It covers its legal tracks but is still an exercise in Muslim bashing
As Jacob Sullum noted this morning, President Trump’s new 90-day ban on travel from six Muslim countries and his suspension of America’s refugee program are in a far stronger position to withstand legal scrutiny than his previous effort. A president has vast discretion in setting immigration enforcement priorities and admitting foreigners so long as he doesn’t run afoul of Constitutional due process protections or injunction against religious discrimination etc.
On its face, Trump’s new travel ban – unlike his last one – meets this criterion. The ACLU is protesting that the ban is still fundamentally rooted not in national security concerns but prejudice and is looking it over for legal challenge.
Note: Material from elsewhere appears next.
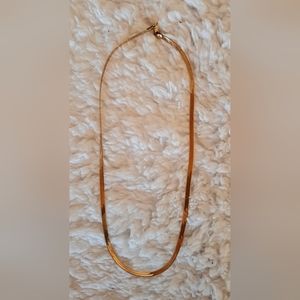 Gold Herringbone Necklace 18 inches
It will have a harder time prevailing in court, but that does not mean it is wrong. Indeed, the order is mere security theater whose intention is to stoke anti-Muslim fear not make America safer.
For starters, as with the old ban that, like the proverbial drunk who looked for his lost car keys under the lamppost where he could see rather than where he lost them, the new ban too goes after countries that are easy targets, not ones that actually have sent terrorists to America (not that it would be OK to have a blanket ban against innocent tourists or students or other travelers from them either). The countries covered by the ban this time include Iran, Syria, Sudan, Libya, Somalia and Yemen. Iraq, which was in the original ban, has been dropped from the list because, evidently, the Iraqi government has assured the administration that it has adequate vetting procedures in place. With the exception of Iran, what’s perverse about this list is that it shuts out the victims trying to flee Islamic terrorism. (And in Iran’s case those who want to flee repressive mullahs.)